Git Product home page Git Product logo

Comments (25)

markfairbanks avatar markfairbanks commented on July 19, 2024 1

Also worth noting - when you originally asked this question a couple years ago there were some oddities to how tidytable worked with quosures. Those are now fixed. So you should be able to use tidy evaluation just like you do with dplyr.

from tidytable.

markfairbanks avatar markfairbanks commented on July 19, 2024 1

Another tip - in a "column selection" context (like in select() or using .by) you can pass vectors of strings with the all_of() helper.

pacman::p_load(tidytable)

dynamic_mean <- function(dt, num_col, group_cols){
  dt %>%
    summarize.(new_val = mean(.data[[num_col]], na.rm=TRUE),
               .by = all_of(group_cols))
}

df <- tidytable(x = c("a", "a", "b"), y = c("a", "a", "b"), z = 1:3)

df %>% dynamic_mean("z", c("x", "y"))
#> # A tidytable: 2 × 3
#>   x     y     new_val
#>   <chr> <chr>   <dbl>
#> 1 a     a         1.5
#> 2 b     b         3

from tidytable.

nick-youngblut avatar nick-youngblut commented on July 19, 2024

To be a bit more specific, it would help to know why this works:

iris$Species %>% unique %>% as.list %>% lapply(make_subsets, dt=as.data.table(iris))

...and this doens't:

c('setosa', 'versicolor', 'virginica') %>% as.list %>% lapply(make_subsets, dt=as.data.table(iris))

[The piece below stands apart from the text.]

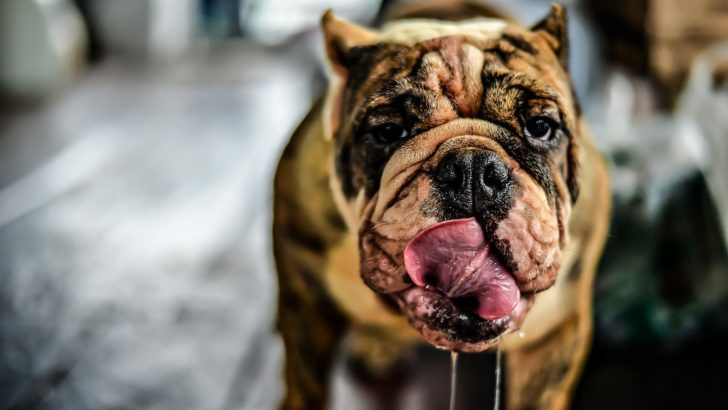 13 Dog Breeds That Drool The Most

...with the make_subsets() function shown above, and how to deal with the latter.

from tidytable.

markfairbanks avatar markfairbanks commented on July 19, 2024

Ah yep, thanks for opening this issue. I actually just discovered this the other day.

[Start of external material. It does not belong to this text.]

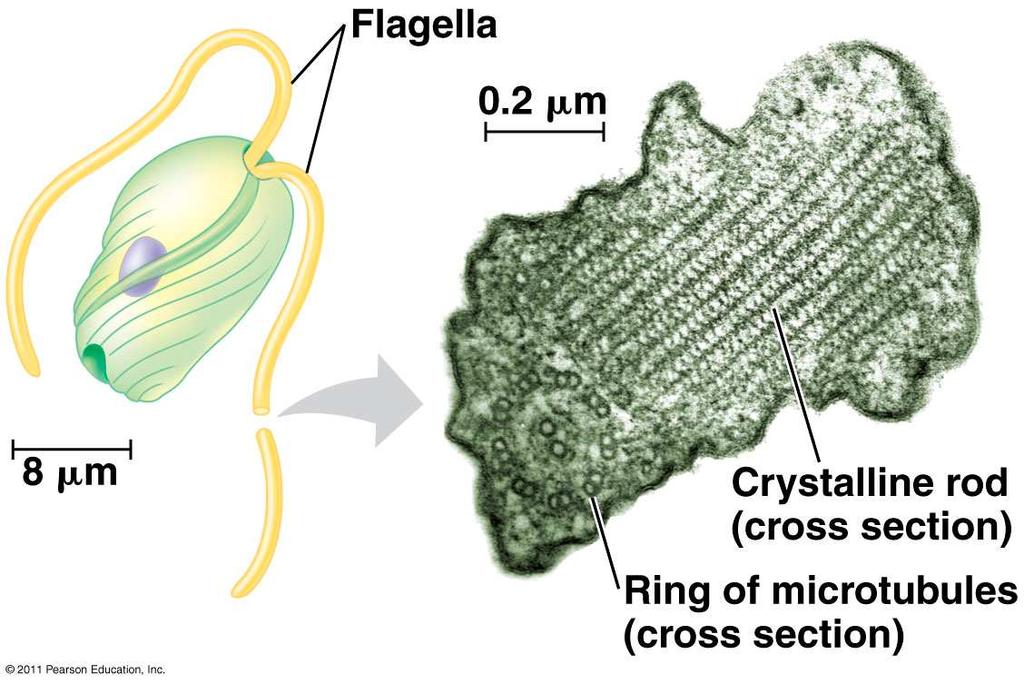 3. Euglenozoa Contain special rod inside flagellum Mixotrophs photoautotrophs in light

This is a side effect of how tidytable uses eval(expr(dt_expression)) at the end of all code to build the data.table expression.

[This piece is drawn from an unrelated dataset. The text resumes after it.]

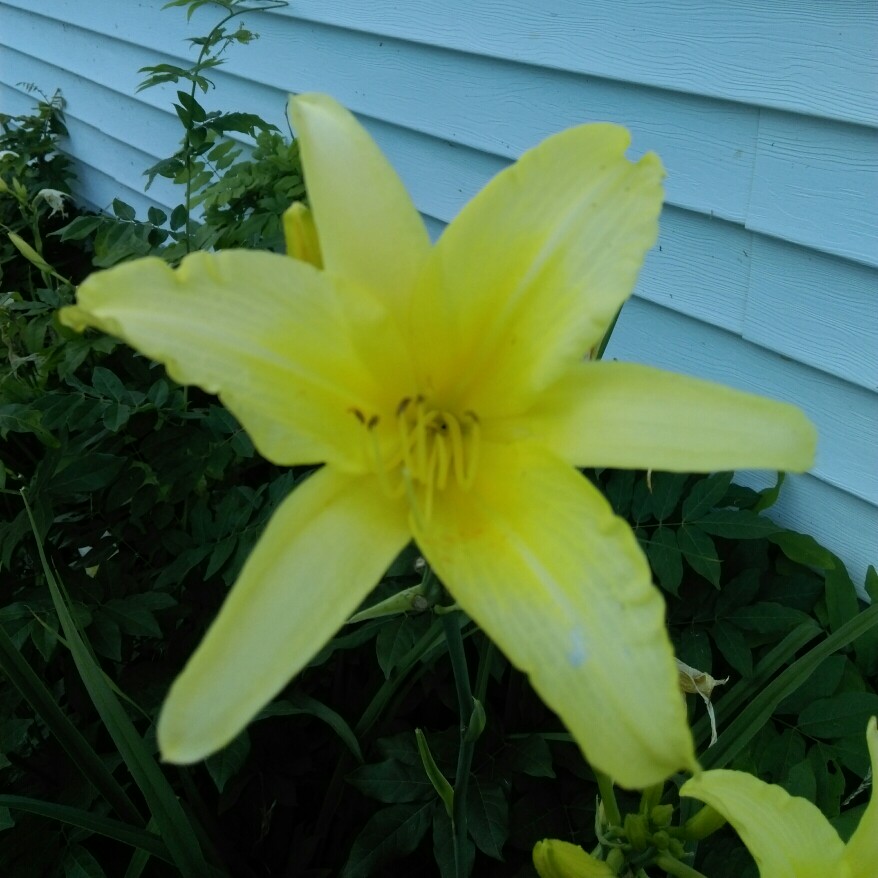 Daylily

Even though "to_filter" is a normal variable input, it still needs to be quoted/unquoted.

make_subsets = function(to_filter, dt){
  to_filter <- enexpr(to_filter)
  
  dt %>% dt_filter(Species == !!to_filter)
}

I've been debating how to add this to the documentation, as this is a behavior that differs from the tidyverse

from tidytable.

nick-youngblut avatar nick-youngblut commented on July 19, 2024

It would also be nice to have an example of dynamically adding a new column with dt_mutate or dynamically filtering. For example:

df <- data.table(x = c(1,1,1), y = c(1,1,1), z = c("a","a","b"))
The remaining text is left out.